Swedish author Stieg Larsson's Millenium Trilogy has sold millions of copies worldwide. Made up of three crime novels, The Girl with the Dragon TattooThe Girl Who Played with Fire and The Girl Who Kicked the Hornet's Nest, the two primary characters across all three books are Lisbeth Salander and Mikael Blomkvist. All three books were published posthumously after the death of Larsson in 2004 and have since been adapted into films by a Swedish production company, starring Noomi Rapace as Lisbeth and Michael Nyqvist and Mikael. The Girl with the Dragon Tattoo was released on Blu-ray back in July, 2010 and the next film in line, The Girl Who Played with Fire will be released this week. Fans of Larsson's work should pick up these original Swedish film adaptations as Hollywood will soon get its grubby hands on the trilogy with its own adaptations that will star Daniel Craig and Rooney Mara.

Two splendid Criterion Collection films are also coming to Blu-ray this week: one is a Japanese cult horror film from 1977 titled, House and the other is the 1957 Stanley Kubrick-directed anti-war film, Paths of Glory, starring Kirk Douglas. Directed by Nobuhiko Obayashi, House tells the funny and spooky but quirky (some might say wildly crazy) tale of a young girl inviting six of her best friends to spend time on her aunt's house in the countryside. But the house goes berserk and unleashes all sorts of crazy evil on the unsuspecting girls. It is sort of a hybrid between The Rocky Horror Picture Show and one of the many J-horror flicks that was so popular just a few years back. This film is just plain crazy as you watch the girls meet horrible but imaginative deaths in this little house of horror.

Also from Criterion is Stanley Kubrick's anti-war film, Paths of Glory that was based on Humphrey Cobb's novel of the same name. Set in 1916 France, Paths of Glory tells the story of the court-martial of a group of French soldiers who refused to follow the orders of an ambitious general to shell their own men who were not successful in capturing a German position. Kirk Douglas plays Colonel Dax, a platoon leader and a former lawyer, who volunteers to defend the doomed men facing court-martial. Somewhat similar to his other anti-war film, Dr. Strangelove or How I Learned to Stop Worrying and Love the Bomb, Kubrick tries to unveil the hypocrisy of war and the arrogance of its leaders as the good Colonel fights a battle that he can't win.

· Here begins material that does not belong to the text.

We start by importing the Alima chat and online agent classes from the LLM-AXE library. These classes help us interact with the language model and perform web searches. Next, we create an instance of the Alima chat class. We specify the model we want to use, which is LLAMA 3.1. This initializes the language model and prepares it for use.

Like all of Criterion's releases, both films have been given a thorough video and audio makeover, bringing both films into the 21st century. House is in color and is presented in its original aspect ratio of 1.33:1 with Japanese language LPCM Mono audio while Paths of Glory retains its original black & white 1.66:1 aspect ratio plus English LPCM Mono. Both films also feature the in-depth supplemental materials usually accorded to Criterion Collection films.

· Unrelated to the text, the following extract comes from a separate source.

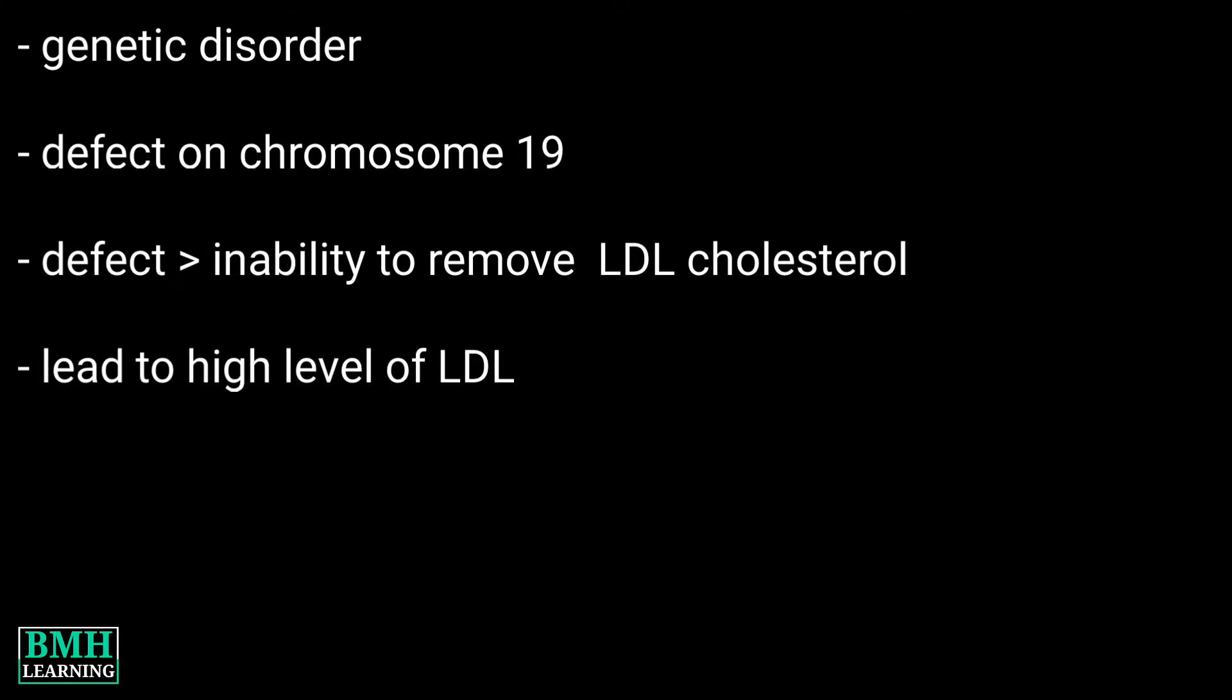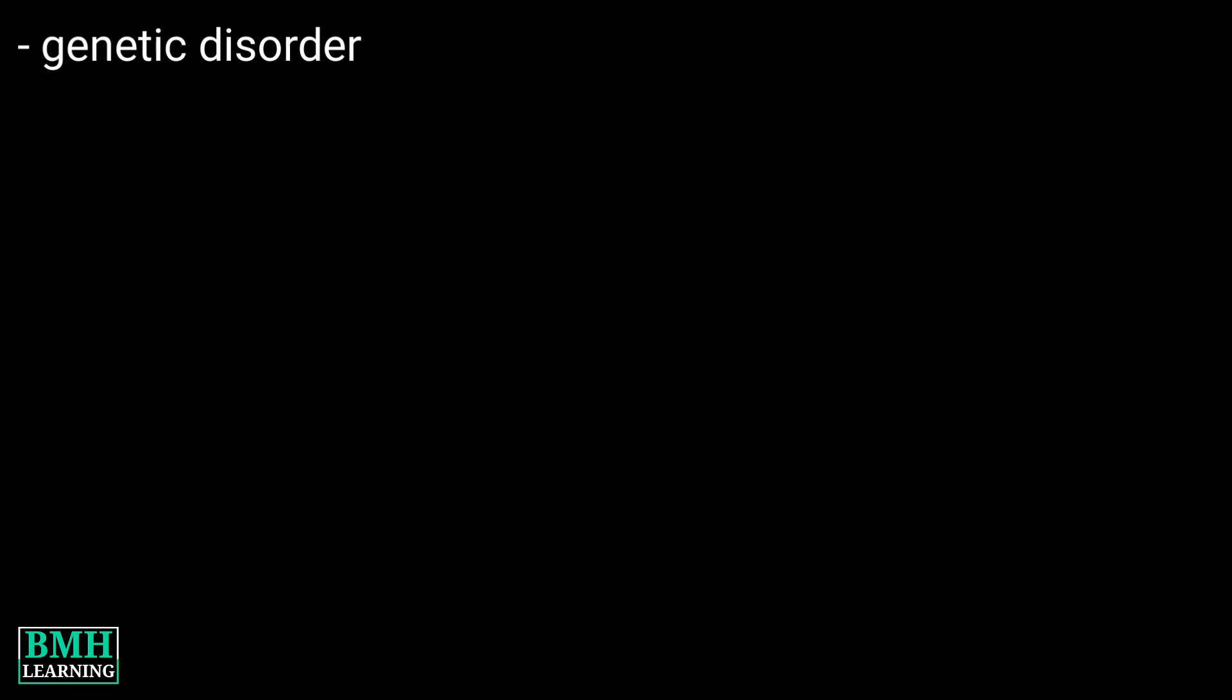This makes you more likely to have narrowing of the arteries from atherosclerosis at an early age.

Finally, we have Winter's Bone, a tale of survival in the backwoods of the Ozark Mountains based on Daniel Woodrell's novel of the same name. A breakout performance by the young Jennifer Lawrence, who plays protagonist Ree Dolly, anchors the film solidly on her lithe shoulders. A young woman who is facing the imminent demise of her family, Ree goes in search for her convict father, who had put their house up as collateral for his bond and has skipped town. Ree not only has to fend for herself and find her father but she also has to look after her mentally incapacitated mother and her young siblings as well. A tale that truly attests to the strength of the human spirit and of determination.

Other releases of note this week include: Legend of the Black Scorpion (which I reviewed last week) and Sex and the City 2.